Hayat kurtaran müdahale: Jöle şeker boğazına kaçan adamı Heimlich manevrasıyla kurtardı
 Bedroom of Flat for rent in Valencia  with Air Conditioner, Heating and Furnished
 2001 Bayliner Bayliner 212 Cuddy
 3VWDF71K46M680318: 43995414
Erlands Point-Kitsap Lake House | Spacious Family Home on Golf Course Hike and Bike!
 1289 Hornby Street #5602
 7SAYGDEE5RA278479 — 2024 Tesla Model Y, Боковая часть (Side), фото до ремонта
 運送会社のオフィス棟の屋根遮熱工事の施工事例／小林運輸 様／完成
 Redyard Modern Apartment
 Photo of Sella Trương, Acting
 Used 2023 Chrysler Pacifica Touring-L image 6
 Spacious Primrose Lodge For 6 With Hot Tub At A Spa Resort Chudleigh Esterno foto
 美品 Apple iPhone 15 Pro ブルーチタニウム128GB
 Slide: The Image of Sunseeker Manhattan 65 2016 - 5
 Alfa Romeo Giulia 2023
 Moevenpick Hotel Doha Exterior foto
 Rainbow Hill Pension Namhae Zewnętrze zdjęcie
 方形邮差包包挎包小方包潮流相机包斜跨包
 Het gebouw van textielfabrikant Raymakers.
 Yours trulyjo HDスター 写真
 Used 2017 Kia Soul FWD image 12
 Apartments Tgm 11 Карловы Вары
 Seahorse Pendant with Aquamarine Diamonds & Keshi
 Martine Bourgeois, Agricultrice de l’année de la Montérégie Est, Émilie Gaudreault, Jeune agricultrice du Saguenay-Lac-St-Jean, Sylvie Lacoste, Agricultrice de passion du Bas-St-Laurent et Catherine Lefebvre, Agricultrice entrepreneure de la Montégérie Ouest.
•••
Your task is to quote the listing above word for word.

Hayat kurtaran müdahale: Jöle şeker boğazına kaçan adamı Heimlich manevrasıyla kurtardı
 Bedroom of Flat for rent in Valencia  with Air Conditioner, Heating and Furnished
 2001 Bayliner Bayliner 212 Cuddy
 3VWDF71K46M680318: 43995414
Erlands Point-Kitsap Lake House | Spacious Family Home on Golf Course Hike and Bike!
 1289 Hornby Street #5602
 7SAYGDEE5RA278479 — 2024 Tesla Model Y, Боковая часть (Side), фото до ремонта
 運送会社のオフィス棟の屋根遮熱工事の施工事例／小林運輸 様／完成
 Redyard Modern Apartment
 Photo of Sella Trương, Acting
 Used 2023 Chrysler Pacifica Touring-L image 6
 Spacious Primrose Lodge For 6 With Hot Tub At A Spa Resort Chudleigh Esterno foto
 美品 Apple iPhone 15 Pro ブルーチタニウム128GB
 Slide: The Image of Sunseeker Manhattan 65 2016 - 5
 Alfa Romeo Giulia 2023
 Moevenpick Hotel Doha Exterior foto
 Rainbow Hill Pension Namhae Zewnętrze zdjęcie
 方形邮差包包挎包小方包潮流相机包斜跨包
 Het gebouw van textielfabrikant Raymakers.
 Yours trulyjo HDスター 写真
 Used 2017 Kia Soul FWD image 12
 Apartments Tgm 11 Карловы Вары
 Seahorse Pendant with Aquamarine Diamonds & Keshi
 Martine Bourgeois, Agricultrice de l’année de la Montérégie Est, Émilie Gaudreault, Jeune agricultrice du Saguenay-Lac-St-Jean, Sylvie Lacoste, Agricultrice de passion du Bas-St-Laurent et Catherine Lefebvre, Agricultrice entrepreneure de la Montégérie Ouest.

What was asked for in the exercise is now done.